- MATERIAL FOR THIS TASK -
+--
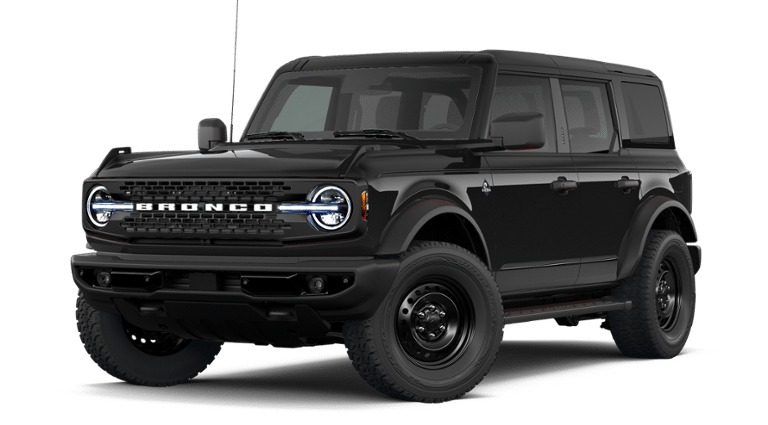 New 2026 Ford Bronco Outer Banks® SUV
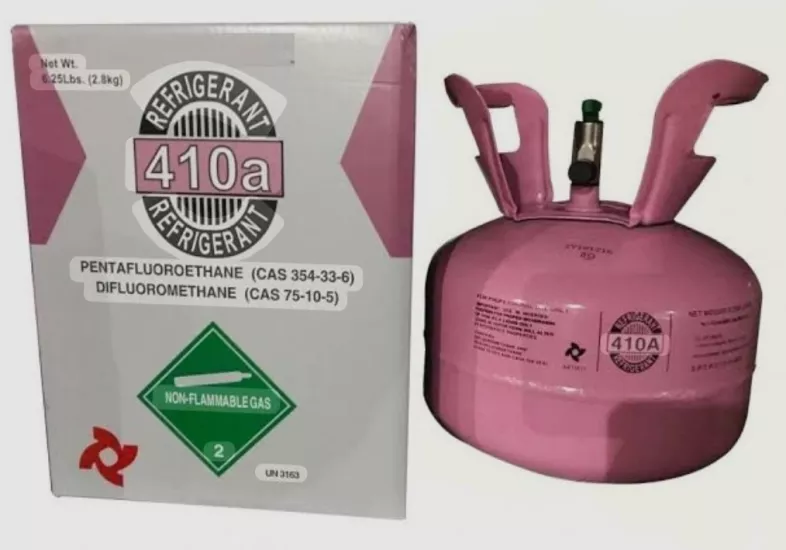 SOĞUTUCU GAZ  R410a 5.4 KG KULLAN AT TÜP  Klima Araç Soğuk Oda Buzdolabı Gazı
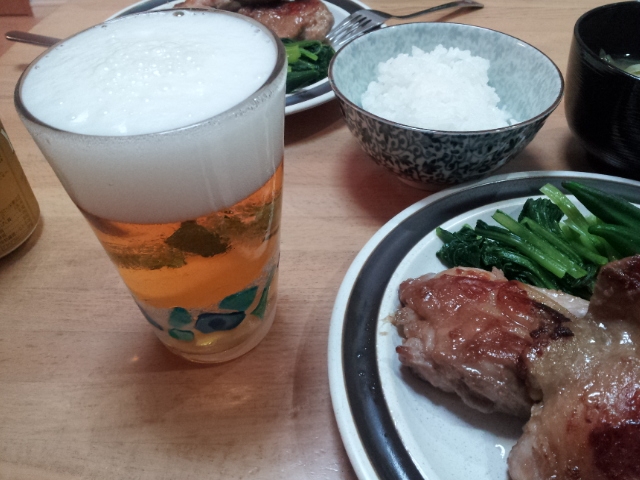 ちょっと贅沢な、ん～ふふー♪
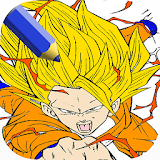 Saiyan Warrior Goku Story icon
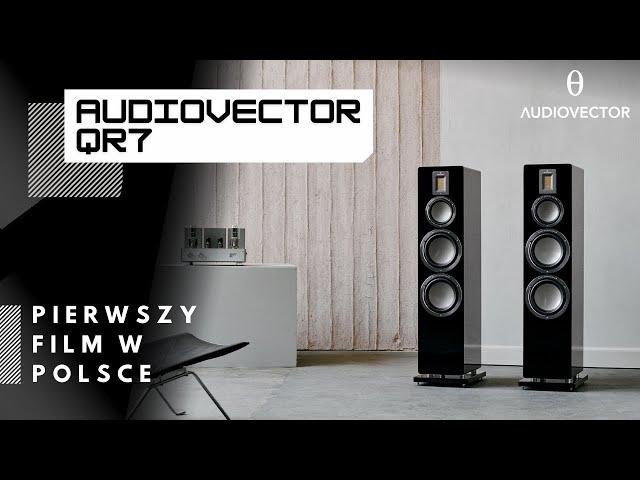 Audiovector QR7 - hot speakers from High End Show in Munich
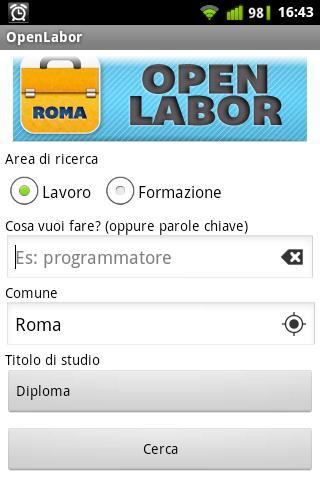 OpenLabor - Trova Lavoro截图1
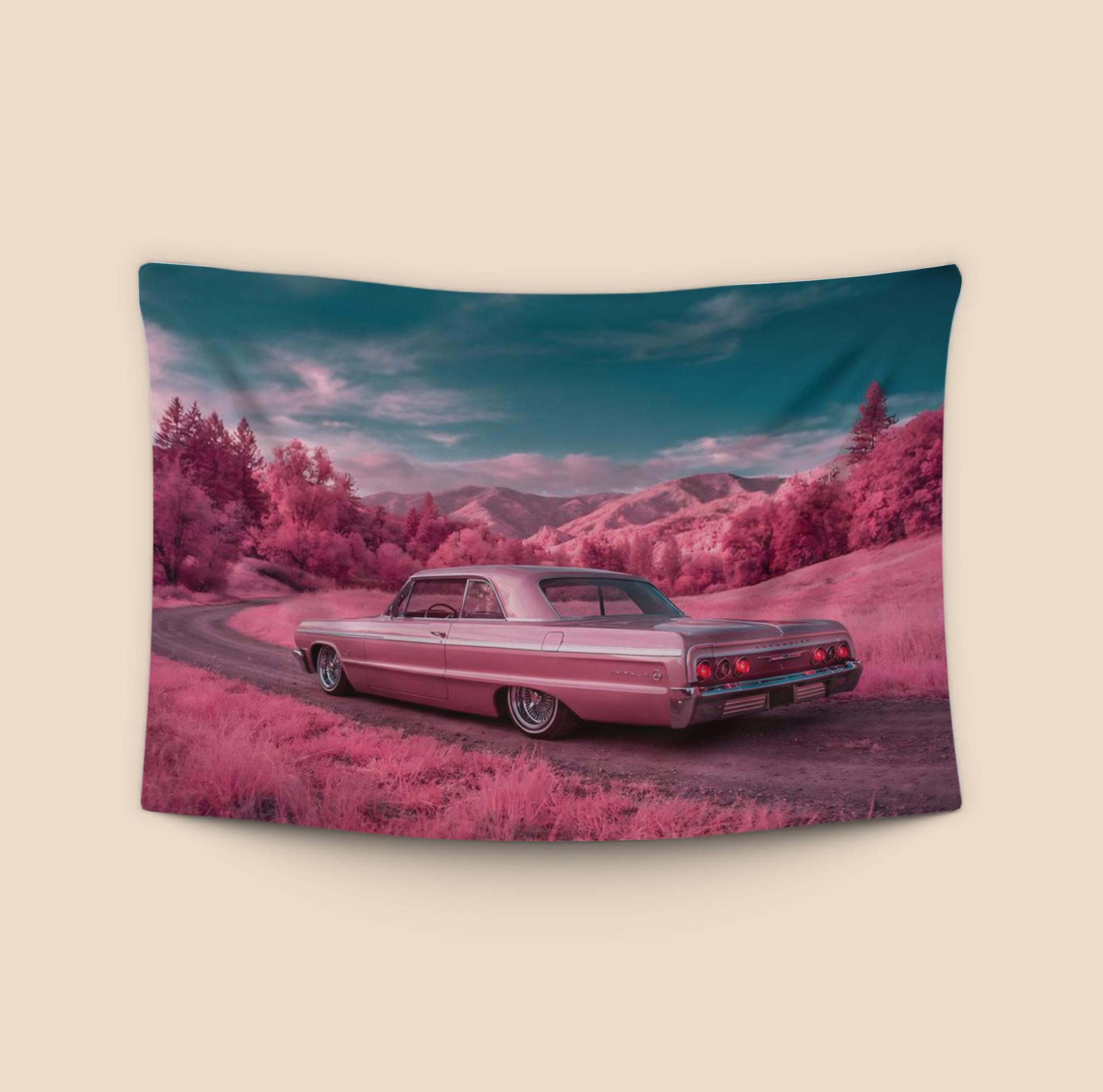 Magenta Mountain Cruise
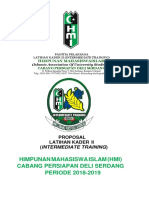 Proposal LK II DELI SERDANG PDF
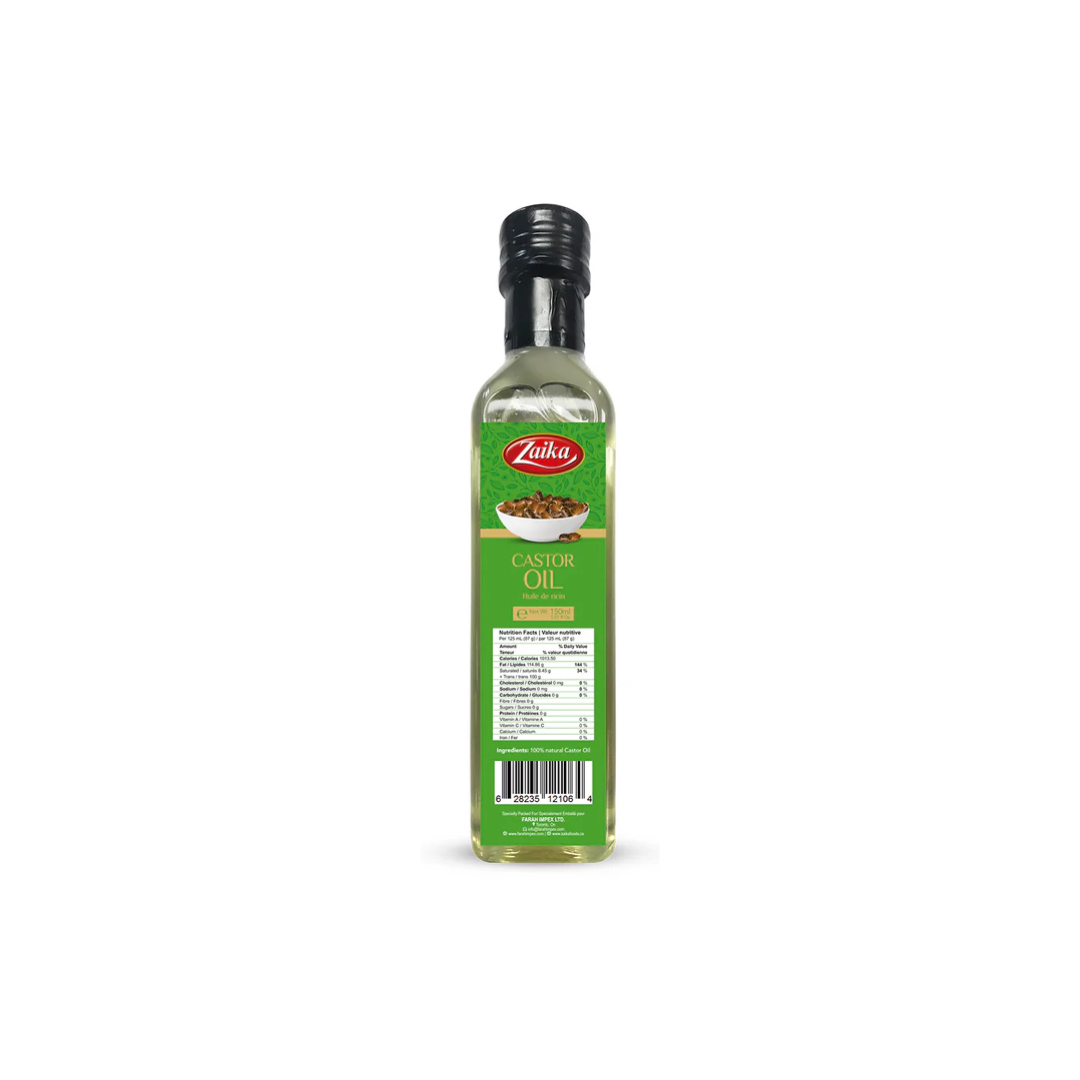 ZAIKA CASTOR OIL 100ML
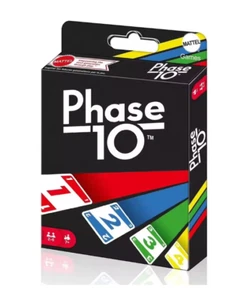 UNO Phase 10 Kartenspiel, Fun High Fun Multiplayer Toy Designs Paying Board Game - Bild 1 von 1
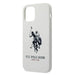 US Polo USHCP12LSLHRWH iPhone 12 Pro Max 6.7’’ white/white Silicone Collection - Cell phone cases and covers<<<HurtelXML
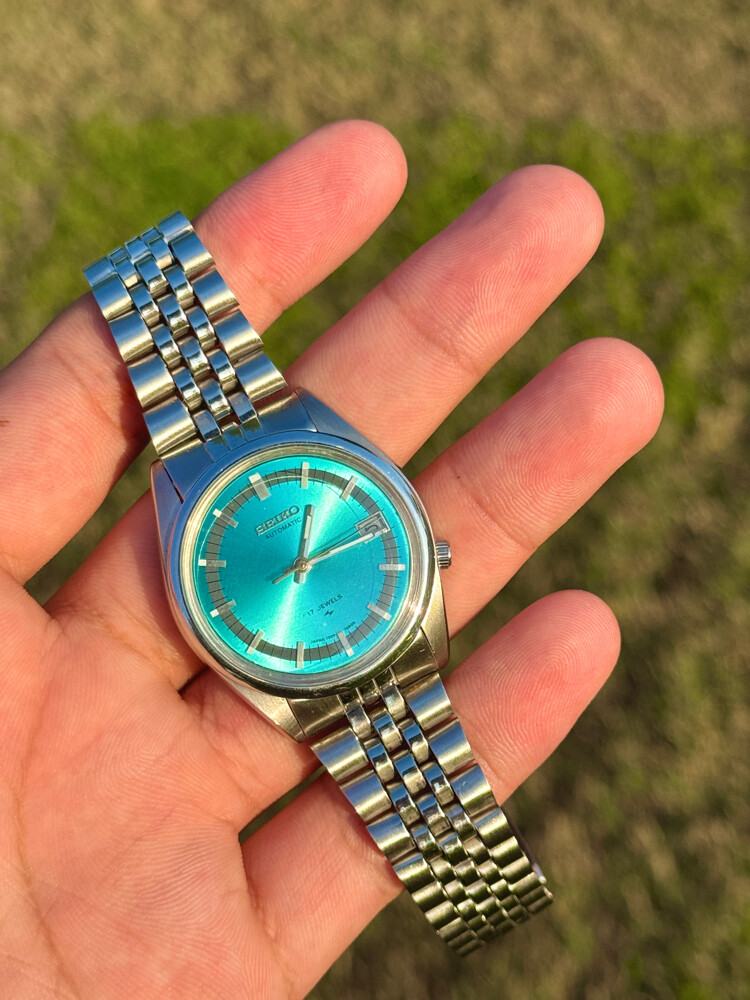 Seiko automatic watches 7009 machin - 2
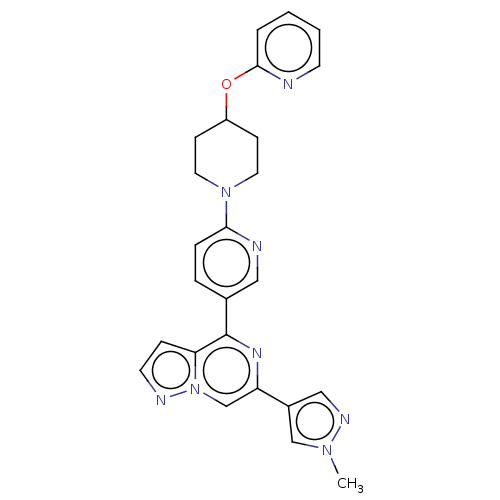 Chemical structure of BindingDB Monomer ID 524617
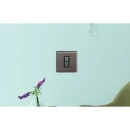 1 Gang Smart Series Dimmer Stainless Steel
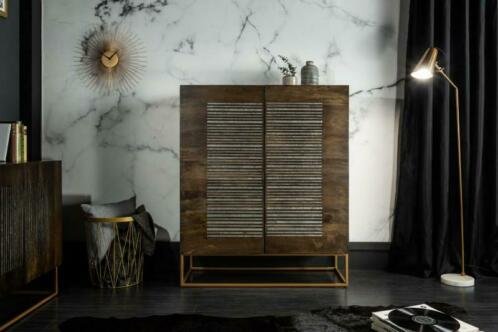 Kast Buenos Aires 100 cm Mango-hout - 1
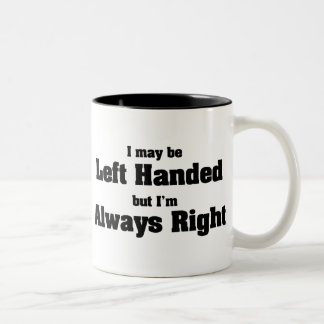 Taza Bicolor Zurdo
+--
- WORK REQUEST -
From the first line to the last, return the records exactly and leave the pictures behind.

- PROBLEM SOLUTION -
 New 2026 Ford Bronco Outer Banks® SUV
 SOĞUTUCU GAZ  R410a 5.4 KG KULLAN AT TÜP  Klima Araç Soğuk Oda Buzdolabı Gazı
 ちょっと贅沢な、ん～ふふー♪
 Saiyan Warrior Goku Story icon
 Audiovector QR7 - hot speakers from High End Show in Munich
 OpenLabor - Trova Lavoro截图1
 Magenta Mountain Cruise
 Proposal LK II DELI SERDANG PDF
 ZAIKA CASTOR OIL 100ML
 UNO Phase 10 Kartenspiel, Fun High Fun Multiplayer Toy Designs Paying Board Game - Bild 1 von 1
 US Polo USHCP12LSLHRWH iPhone 12 Pro Max 6.7’’ white/white Silicone Collection - Cell phone cases and covers<<<HurtelXML
 Seiko automatic watches 7009 machin - 2
 Chemical structure of BindingDB Monomer ID 524617
 1 Gang Smart Series Dimmer Stainless Steel
 Kast Buenos Aires 100 cm Mango-hout - 1
 Taza Bicolor Zurdo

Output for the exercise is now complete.